So far, we have used several analytical tools for the detection of NTR, such as nuclear magnetic resonance (NMR), electron paramagnetic resonance (EPR), Clark electrode [7,8,9]. However, these are limited to a spatiotemporal detection of enzyme reactions in the human live cells.
More recently, some fluorescent molecules have been developed to detect NTR enzymes in biological specimens and the live cells [10,11,12,13,14,15]. These provide rapid detection and biocompatibility of NTR activity in biological applications [16]. For example, Wang et al. developed a coumarin-based fluorescent probe capable of detection of NTR via a cascade cyclization reaction, which could be used for selectively detection of NTR in the biological system [11]. Moreover, Tang et al. reported a dual enzyme reaction-based probe consisting of p-nitrobenzene and trimethyl-locked quinone sensitive to NTR and human NAD(P)H quinone oxidoreductase-1 (hNQO1), respectively. It was able to precisely detect two enzyme activities and differentiate between the cancerous and normal cells [15]. However, the probes provided a fluorescent Off-On signal at relatively short excitation and emission wavelengths. Thus, it has inevitably been interfered with the assay-independent factors such as autofluorescence of the biomolecules and the local concentration of the probe [17]. To solve the limitations, it is necessary to develop a fluorescent molecule capable of providing a dual fluorescence signal to NTR activity in two distinct channels. However, dual emissive fluorescent molecules for NTR detection have been rarely invented [18,19,20].
In this work, we presented a ratiometric fluorescent molecule (probe 1) for the assay of NTR activity in the living system. As illustrated in Scheme 1, the nitro group of probe 1 is rapidly reduced to an amino group towards NTR activity, which generates a dual emission change between 630 nm and 530 nm with a solution color change from purple to colorless. Moreover, the dual emission change in living cells can be monitored at two distinct red (615–800 nm) and green (493–550 nm) channels using an excitation laser of 488 nm from a confocal fluorescence microscope. Thus, we suggested that the fluorescent probe 1 can allow a detection of NTR activity in living cells by the ratiometric method.
2. Results and Discussion
2.1. Synthetic Route of Probe 1
Probe 1 was devised based on a locked-flavylium fluorophore skeleton with a nitro group sensitive to NTR activity. The flavylium fluorophore was chosen because it can display a ratiometric fluorescence response based on an internal charge transfer (ICT) process. In addition, the locked-flavylium can prevent non-radioactive decay, thereby improving fluorescence emission efficiency [21]. The precursors 3, 4 and 5 were synthesized by adopting the procedure reported in the previous study (Scheme 2a) [22]. Probe 1 was newly synthesized by a condensation reaction of precursor 3 and 4-(diethylamino)salicylaldehyde in a strong acid condition using H2SO4 and HClO4 with a high yield of 90% (Scheme 2b). The chemical structure of probe 1 was clearly identified by the 1H- and 13C-NMR spectroscopy, and HR-ESI mass spectrometry (Figures S5–S7).

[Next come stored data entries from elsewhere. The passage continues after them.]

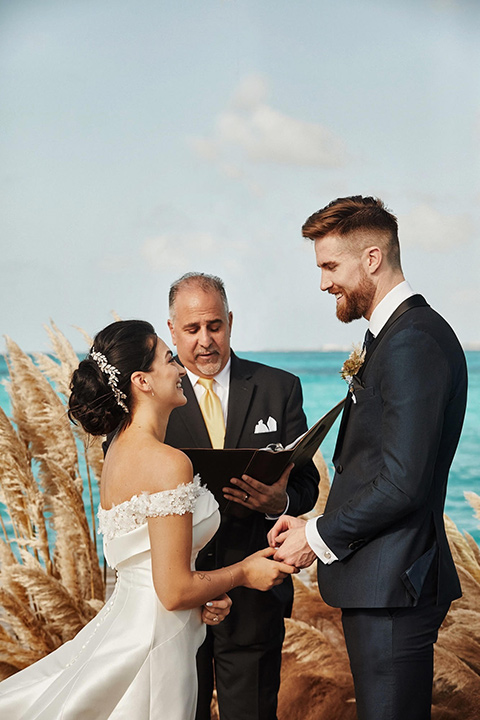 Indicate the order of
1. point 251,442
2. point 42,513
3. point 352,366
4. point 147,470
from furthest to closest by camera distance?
1. point 42,513
2. point 251,442
3. point 352,366
4. point 147,470

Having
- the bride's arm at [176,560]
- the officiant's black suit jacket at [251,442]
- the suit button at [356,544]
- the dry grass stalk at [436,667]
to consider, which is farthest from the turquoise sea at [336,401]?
the bride's arm at [176,560]

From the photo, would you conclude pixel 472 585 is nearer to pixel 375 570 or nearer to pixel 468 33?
pixel 375 570

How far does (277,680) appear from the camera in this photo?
2529 millimetres

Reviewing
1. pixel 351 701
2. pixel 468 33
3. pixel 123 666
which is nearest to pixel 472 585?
pixel 351 701

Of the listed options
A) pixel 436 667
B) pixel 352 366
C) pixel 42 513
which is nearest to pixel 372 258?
pixel 352 366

2.2. Sensing Mechanism of Probe 1
The assay mechanism of probe 1 for an NTR-mediated reaction was shown in Scheme 3. The nitroaromatic moiety of probe 1 is recognized by the NTR enzyme and reduced to the corresponding amine compound 2 using NADH as the electron source [23]. Probe 1 receives two electrons from NADH, electron donor, and converts into nitrosoaromatic intermediate. Sequentially, this intermediate receives more electrons from NADH and reduced to the amine compound 2, through the hydroxylamine intermediate.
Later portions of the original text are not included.